**EXERCISE PROMPT:** Copy every line from the data below in which the string "with" can be found.

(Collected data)
Content starts

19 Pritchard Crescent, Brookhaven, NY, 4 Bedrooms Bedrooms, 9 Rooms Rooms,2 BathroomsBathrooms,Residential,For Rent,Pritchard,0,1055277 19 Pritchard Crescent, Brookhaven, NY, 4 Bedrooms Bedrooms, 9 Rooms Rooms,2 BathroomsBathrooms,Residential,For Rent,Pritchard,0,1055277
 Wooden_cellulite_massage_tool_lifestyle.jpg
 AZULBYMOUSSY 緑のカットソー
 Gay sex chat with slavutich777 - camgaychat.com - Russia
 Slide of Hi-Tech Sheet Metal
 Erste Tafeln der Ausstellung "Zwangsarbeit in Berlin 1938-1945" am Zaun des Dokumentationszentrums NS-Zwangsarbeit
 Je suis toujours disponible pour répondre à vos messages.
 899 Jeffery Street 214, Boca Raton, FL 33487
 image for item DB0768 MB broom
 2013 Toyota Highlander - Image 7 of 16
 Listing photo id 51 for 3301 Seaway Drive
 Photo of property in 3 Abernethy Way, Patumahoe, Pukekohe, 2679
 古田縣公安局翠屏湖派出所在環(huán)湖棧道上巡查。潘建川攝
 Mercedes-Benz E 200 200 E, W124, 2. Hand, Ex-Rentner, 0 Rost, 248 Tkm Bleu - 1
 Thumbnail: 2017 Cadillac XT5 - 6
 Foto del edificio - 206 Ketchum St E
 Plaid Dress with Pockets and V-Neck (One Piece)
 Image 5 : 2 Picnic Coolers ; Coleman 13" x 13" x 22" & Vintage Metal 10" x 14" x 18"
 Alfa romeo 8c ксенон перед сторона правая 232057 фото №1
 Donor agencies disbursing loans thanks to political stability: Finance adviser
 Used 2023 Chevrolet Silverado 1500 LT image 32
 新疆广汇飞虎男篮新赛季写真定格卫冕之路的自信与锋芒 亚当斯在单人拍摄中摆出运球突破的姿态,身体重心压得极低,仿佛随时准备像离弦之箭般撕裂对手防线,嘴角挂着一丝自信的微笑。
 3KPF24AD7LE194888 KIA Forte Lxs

Content ends

**TASK RESPONSE:**
 Gay sex chat with slavutich777 - camgaychat.com - Russia
 Plaid Dress with Pockets and V-Neck (One Piece)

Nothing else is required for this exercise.